Define the following map $\phi \in \text{Hom}(V\otimes W,V\otimes W)$ by requiring $$ \phi(v \otimes w)=T(v) \otimes w + v \otimes S(w). $$ Now, suppose that $\phi=0$ is the zero element. Does $T=0,S=0$?
If we remove the requirement of skew-symmetry, then this is not true, e.g. one can take $T=id, S=-id$.
I managed to prove this when $\dim V=\dim W=2$:
In that case every skew-symmetric map can be identified with $\begin{pmatrix} 0 & a \\\ -a & 0 \end{pmatrix}$, so the computation reduces to something easy.

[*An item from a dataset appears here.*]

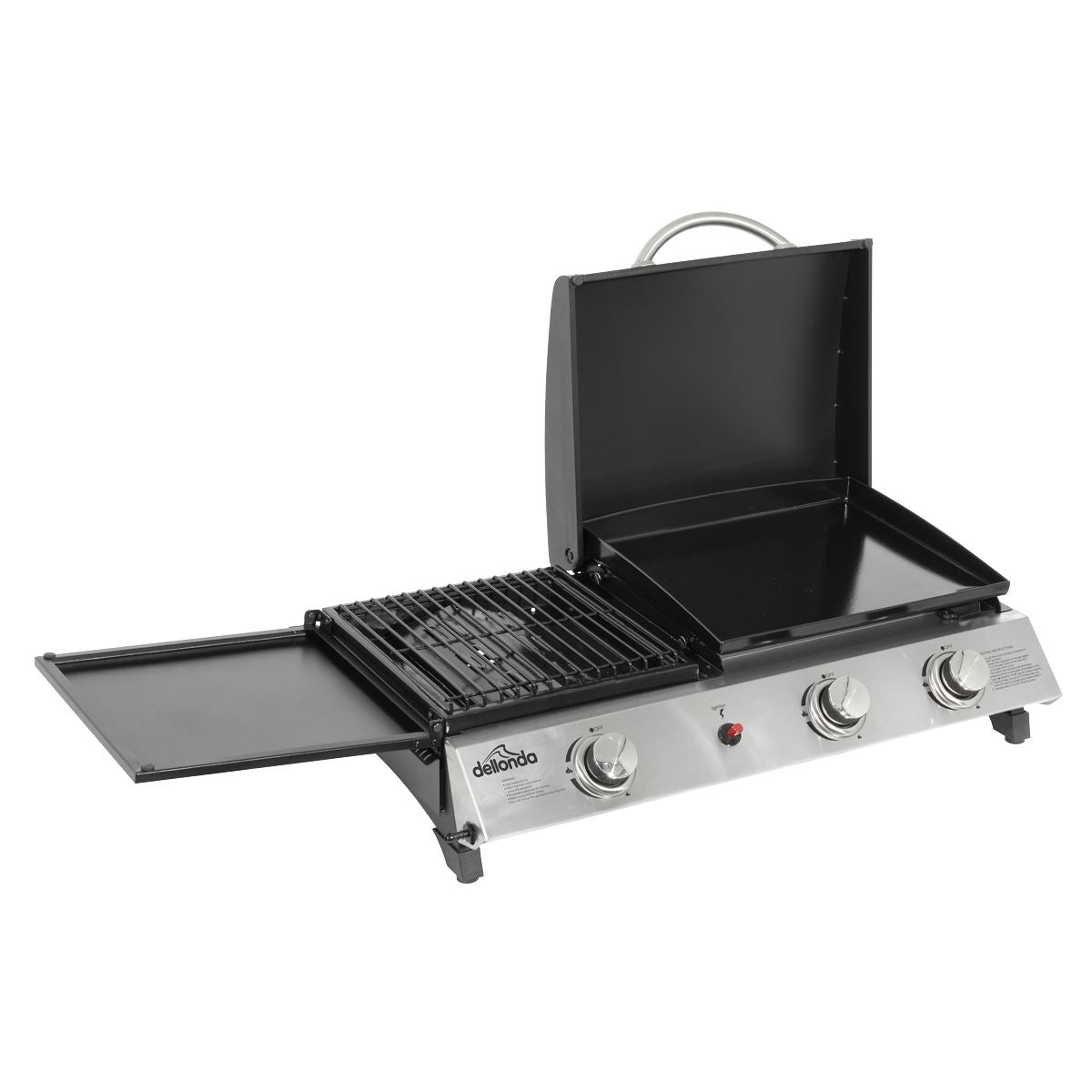 Dellonda 3 Burner Portable Gas Plancha/Grill 8.5kW BBQ Griddle, Stainless Steel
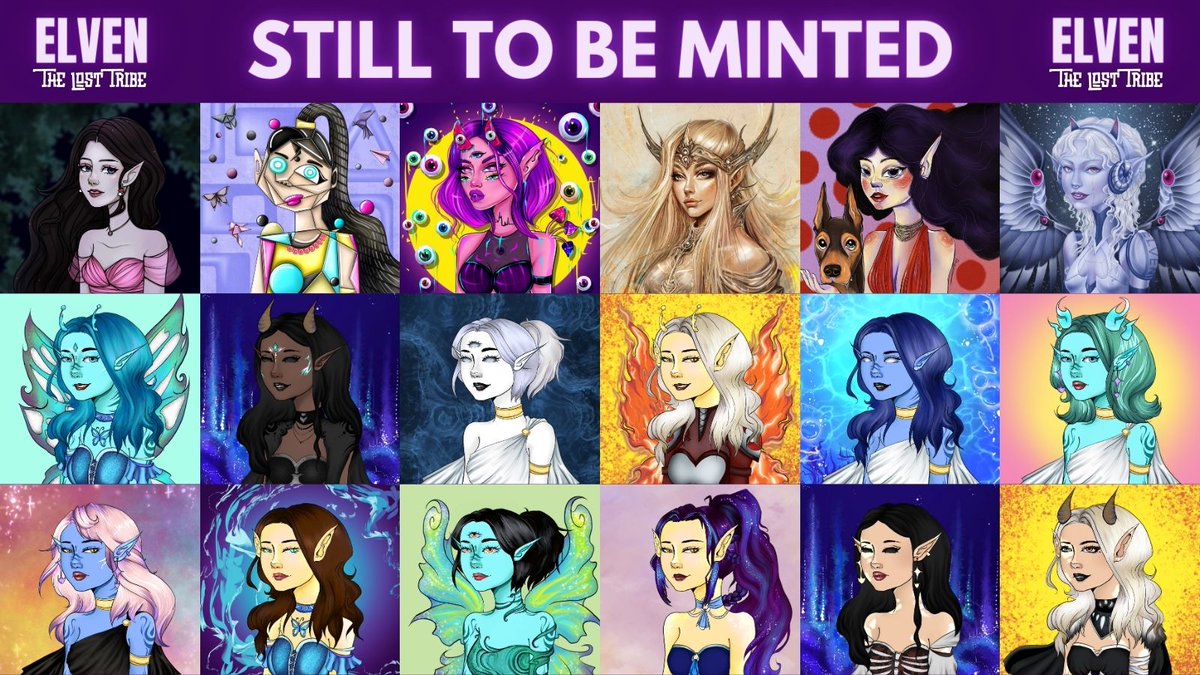 ELVEN_NFT's tweet photo. Some amazing Lost Tribe NFTs still waiting to be minted....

Assume $\phi = T\otimes \text{id}_W + \text{id}_V\otimes S =0$.
Then, for $v,v' \in V, w \in W\backslash \{0\}$, we have $\langle w,Sw\rangle = 0$ and therefore \begin{align} 0 &= \langle v'\otimes w, \phi(v\otimes w)\rangle \\ &= \langle v'\otimes w, v\otimes Sw+ Tv\otimes w\rangle\\ &=\langle v',v\rangle \langle w,Sw\rangle + \langle v',Tv\rangle\|w\|^2 \\ &= \langle v',Tv\rangle\|w\|^2 \end{align}
Since this is true for all $v,v'\in V$, we have $T = 0$. By the same argument, $S = 0$.